Alton Nolen: A jihadist beheading in Oklahoma?
An Oklahoma man accused of beheaded his co-worker with a knife on Thursday is to be charged with murder. But it's still unclear whether the alleged attack was carried out in a wild fury, as a response to being fired, or whether it was an act of jihad.
On the highway outside the Vaughan Foods processing plant in the suburban town of Moore, on the edge of Oklahoma City, a small memorial of yellow flowers and American flags has appeared.
It marks the violence that took place here last week, when police say Alton Nolen took his work knife and used it to behead one woman and seriously injure another.
What first appeared to be a horrific example of an angry employee "going postal" took an unexpected turn when police said Nolen had been trying to convert his workmates to Islam in the weeks before the crime.
"We have a lot of problems with tornadoes, but we don't tend to have problems like this," says Phil Harris, a massage therapist, expressing the shock felt throughout Moore's 55,000-strong population.
As more details have emerged about Nolen, a former criminal who had served time for assaulting a police officer, it has become clear that he had been seduced by militant ideology.
His Facebook page shows he changed his name to Jah'Keem Yisrael and his cover photo shows Islamic fighters brandishing weapons.
Nolen's posts include pictures of himself in Islamic dress, quotes from religious texts and a vague reference to a "day of judgement" or end-of-the-world event.
This prompted Moore police to call in the FBI to investigate a possible jihadist dimension to the crime.
"We not only had no idea who this person was, we have not have any indication that we have any type of activity like this whatsoever in our city," says Moore police information officer, Sergeant Jeremy Lewis.
"How premeditated it was, that's what's under investigation."
Rumours and unconfirmed accounts of Thursday's events have also started to emerge.
One rural Oklahoma newspaper has reported that Nolen was fired after he got into an argument about the need to stone women if they violated Islamic law.
Another unconfirmed eye-witness report has claimed Nolen was shouting Islamic verses as he beheaded his victim.
One fact is clear. Nolen did visit the main mosque in Oklahoma City.
A picture on his Facebook page shows him standing inside the front entrance flanked by two men and holding up his index finger in a gesture that has become associated with Islamic State militants.
But worshippers inside the affluent and well-attended mosque are quick to distance themselves from the photographs.

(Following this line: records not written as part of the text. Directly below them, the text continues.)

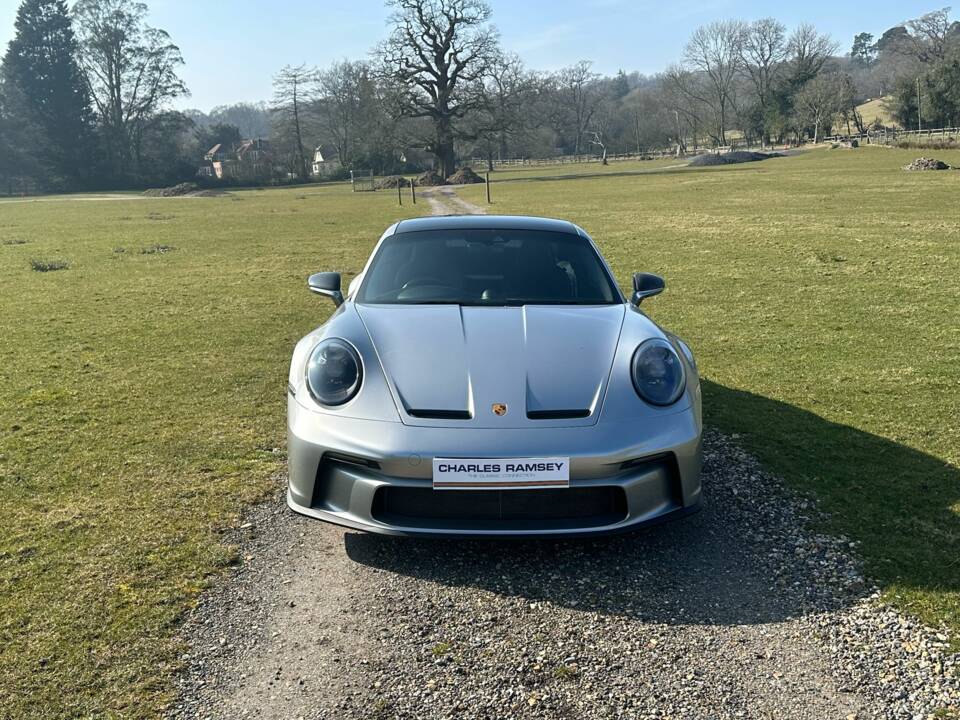 Image 10/36 of Porsche 911 GT3 Touring (2022)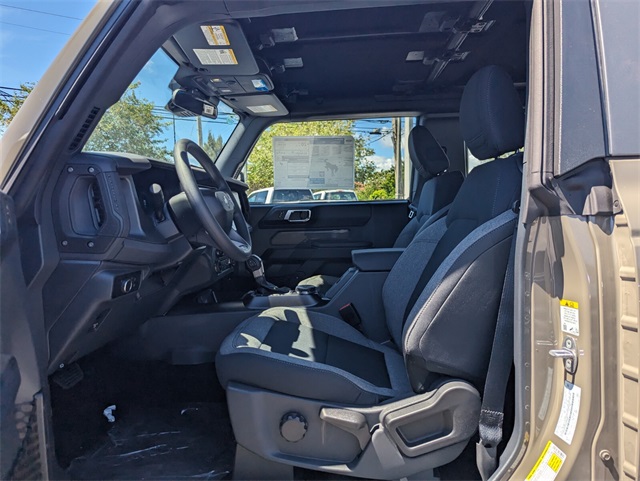 2025 Ford Bronco Base photo 6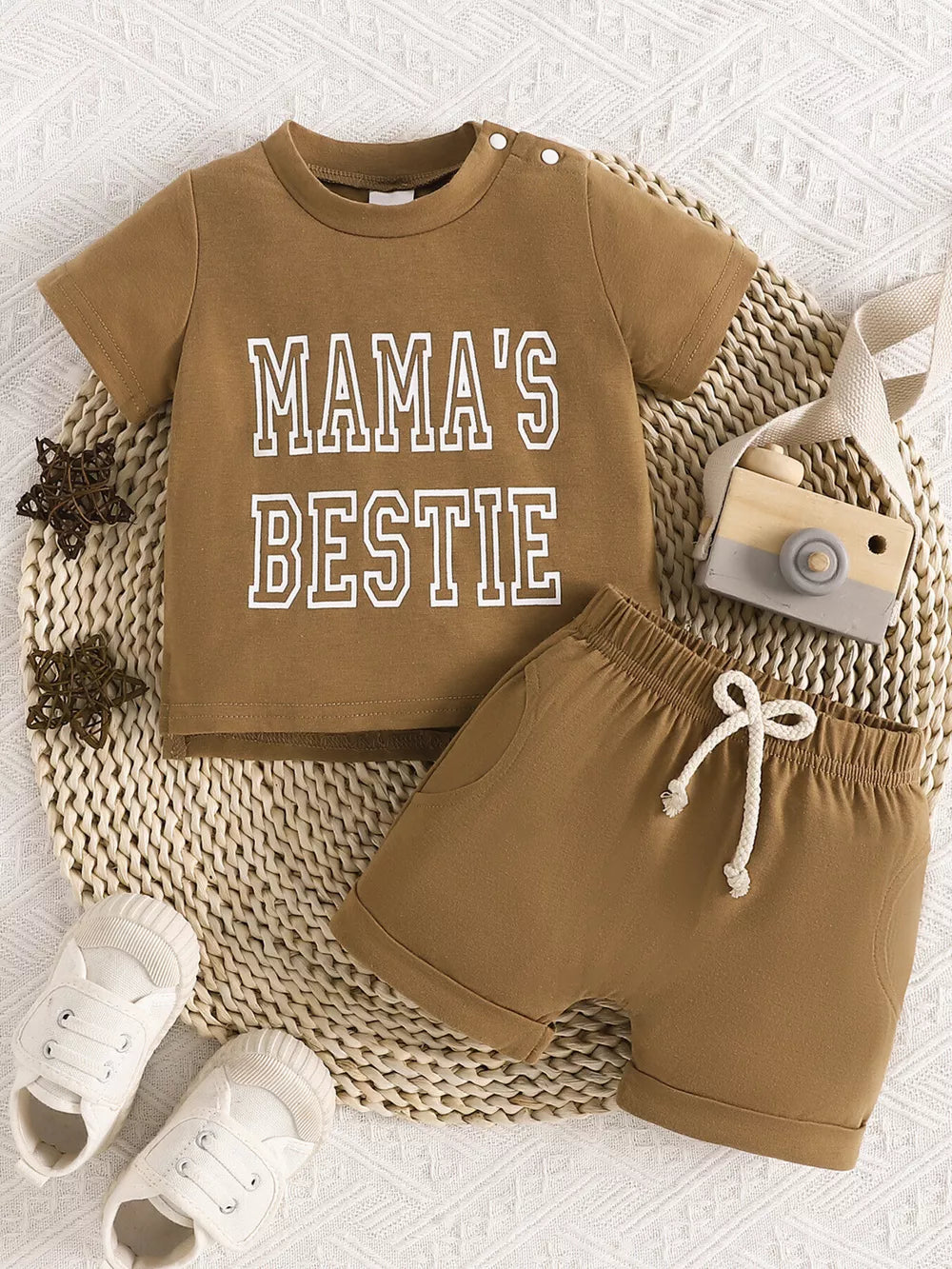 Light Green Children's Letter Round Neck Tee And Shorts Set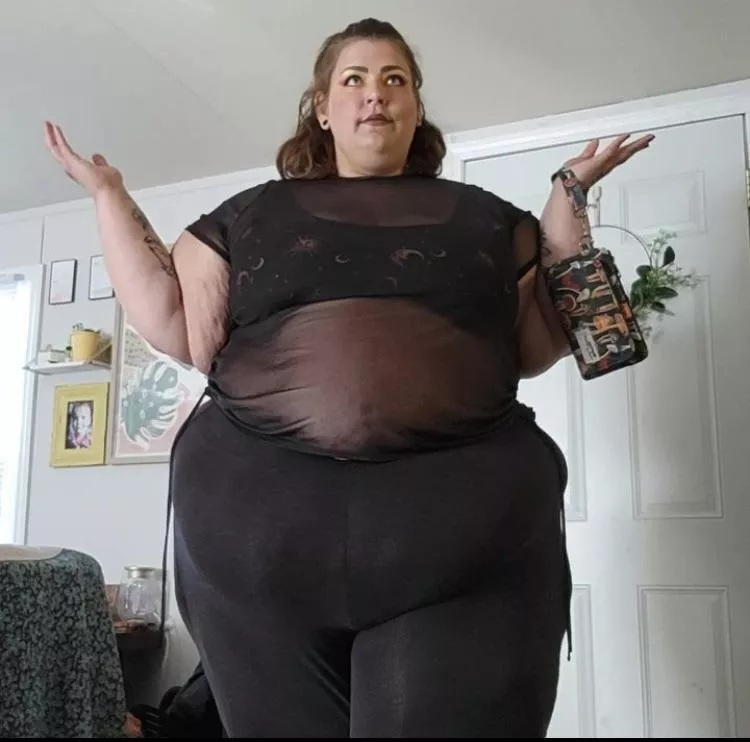 In need of someone to worship me 🤭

"I remember him being here and I remember him asking for the photo to be taken," says one man, who does not want to be identified.
"I know the men standing on either side of him. But they didn't know Nolen. They thought it was strange he asked for a photo." He says the mosque often attracts men who have converted to Islam in jail, as Nolen appears to have done, but do not fully understand what the religion means.
The mosque's imam, Imad Enchassi, also plays down the relevance of Nolen's one-finger gesture.
"The one-finger gesture is made in prayers to bear witness to only one god," he says. "Throughout history in Europe, people have raised one finger to show they are Muslims. Malcolm X used it. It doesn't represent the Islamic State."
Nolen's crime has angered the city's mainly middle-class Islamic community, says Saad Mohammed, an African-American Muslim who is the chairman of the Oklahoma chapter of the Council on American Islamic Relations.
The state is home to immigrants from Pakistan and the Middle East who have come to work as doctors and engineers, or to study at university.
Mohammed said it was his duty to keep an eye on worshippers and he would be happy to give information to the police if he felt something was wrong.
"You have to be aware of people that come, whether you know them or not, to look out for new faces, to keep an eye out for people's conversation," he says.
"Nolen is just one of those guys who just got under the radar, who just slipped right under there and boom, he's front page news."
If Nolen was acting alone, he could be what Oklahoma University Middle East scholar, Joshua Landis, describes as a "psychotic copycat".
"Here we are with our intelligence spread out to get returning jihadis and yet the psychotic copycats are the real danger," he says.
The violent images posted on social media by Islamic militants could easily destabilise people who have no connection to Middle East, Landis says. The IS videos showing the beheading of American citizens James Foley and Steven Sotloff had a huge impact in the US.
"People who clearly feel paranoid or have delusions of grandeur may want to participate in some greater drama," suggests Landis.
Whatever the FBI investigation discovers about Nolen's motives, it may be hard to undo the distrust now felt by Oklahoma's majority Christian population against Muslims.
It is a distrust that was already brewing after recently reported comments by state senator John Bennett, describing Islam as "a cancer" - though Bennett has since distanced himself from the word.
"I think this heightens what people already think about Islam," says Jacob, who lives close to Vaughan Foods, and only wanted to give his first name. "It's geared towards violence."
Muslim leaders say they have already received hate mail and threatening phone calls.
"I have two daughters and a niece and nephews and when this happened, I asked them to keep a low profile," says local restaurant owner Yousef Elyassin.
"You never know about crazy reactions."